Wie sehr die Phantasie der damaligen Menschen von der Hexenvorstellung schon erfüllt war, bestätigt die Beschäftigung der Kunst mit dem Gegenstand. Dürers Kupferstich der Hexe, die auf dem Besenstiel durch die Luft saust, gibt den Typus der Striga wieder. Unheimlicher die Hexen des Hans Baldung Grien, Weiber von Geilheit strotzend, in Teufels Unzucht verstrickt, umbraust von den entfesselten Elementen, von den tierischen Kräften der Natur! Bei Bosch dagegen, im Antoniusaltar, ist die Welt selber zur Beute des Satans und seiner Brut geworden, ist nur ein einziger Hexensabbat, quirlend von seelenlosen Fratzen und widernatürlichen Wesen, aus Grauen und Wollust geboren. Die ganze Erde ist bösartig verzaubert! Auch die leblosen Dinge brüten Unheil und sind vom Odem der Verwesung vergiftet: Alle schönen Träume des mittelalterlichen Menschen von einer göttlichen Ordnung der Dinge scheinen verkehrt in ihren Widersinn!«

Der ›Hexenhammer‹ erlebte bis 1669 28 Auflagen. Die Hexenverfolgungen griffen auf England, Lothringen und andere Länder über. Die unendlich hoch zu schätzenden Jesuiten Tanner und Friedrich Spee, auch viele andere Geistliche und Juristen widersetzten sich dem Hexenwahn. Doch ein einziger Hexenrichter ließ 800 ›Hexen‹ auf die Scheiterhaufen schleppen. Die Zahl der Opfer geht in viele Hunderttausende. Ja, man schätzt, daß ungefähr eine Million Frauen verbrannt wurden. Die Zahl der Todesopfer der Hexenprozesse lag in manchen Gegenden weit über der, die der Dreißigjährige Krieg gefordert hatte. (Kurt Baschwitz »Hexen und Hexenprozesse«, München 1964.) Heute würde man derartige ›Hexen‹ in eine neuropathische Heilanstalt (hoffentlich nicht in eine mit ›Euthanasie‹) bringen. Hexenprozesse, die als Massenerscheinungen in der Zeit der so viel und zu Unrecht geschmähten ›Aufklärung‹ erloschen, gab es vereinzelt auch noch im 18. und 19. Jahrhundert. »Noch 1836 wurde eine vermeintliche Hexe von den Fischern der Halbinsel Hela der Wasserprobe unterworfen und, da sie nicht untersinken wollte, gewaltsam ertränkt.« (Meyers Großes Konversations-Lexikon 1908.)
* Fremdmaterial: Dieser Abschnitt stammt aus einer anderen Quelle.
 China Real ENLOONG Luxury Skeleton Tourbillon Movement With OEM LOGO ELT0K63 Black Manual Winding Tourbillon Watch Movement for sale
Soviel über den guten Frater Jakob Sprenger, den höflichen und freundwilligen Briefschreiber. Einige meinen, daß er gewiß nicht ohne bona fides war. Sie setzen allerdings hinzu, daß er grauenhaft dumm gewesen sein muß. Und seinem innersten Wesen nach: doch nur ein Menschenfeind.

Aus einer neuerdings gedruckten Arbeit von Prof. Dr. Martin Sicherl (Verlag der Akademie der Wissenschaften und der Literatur in Mainz 1963) geht hervor, daß Reuchlin 1488 an Sprenger die lateinische Übersetzung eines Briefes des Irrlehrers Nestorius (die man bisher verloren geglaubt hat) mit einem für Sprenger mehr als schmeichelhaften Begleitschreiben geschickt hat. In diesem Begleitschreiben wird der literarische Vater der Hexenverbrennungen folgendermaßen apostrophiert: »Nun habe ich aber nicht nur von den einheimischen, sondern auch den ausländischen Kündern Deines Ruhmes vernommen, daß die Bekanntschaft mit Dir und Deine Gegenwart allen erwünscht, angenehm und nutzbringend sei wegen Deines gewinnenden Wesens, Deiner einzigartigen Rechtschaffenheit (propter tuos svavissimos mores, singularem probitatem) usf.« – Es fällt schwer, diesen Brief in das Bild einzureihen, das man sich von dem großen edlen Reuchlin gemacht hat. Aber die Weltgeschichte, auch die Geschichte der Weltliteratur ist eben ein Nebelmeer von Rätseln. – Jeder müßte diesen seltsamen Brief lesen, der in dem Buch von Sicherl ›Zwei Reuchlin-Funde aus der Pariser Nationalbibliothek‹ nun allgemein zugänglich ist.

Zum Hexenwahn: Es muß hier noch angemerkt werden, daß auch das Judentum nicht ganz frei von Dämonologie ist, daß es seine ›sitra achra‹, seine ›andere Seite‹ hat. Und zwar sowohl im Talmud, das ist in den Jahrhundertdiskussionen der Schriftgelehrten, wie in der Kabbala, das ist im freien ›Empfang‹ der tiefen Einblicke einzelner Lehrer. Doch da wie dort ist dem Wirken des Satans und seiner Gehilfen durch den absoluten uneingeschränkten Monotheismus eine klargezeichnete Grenze gesetzt.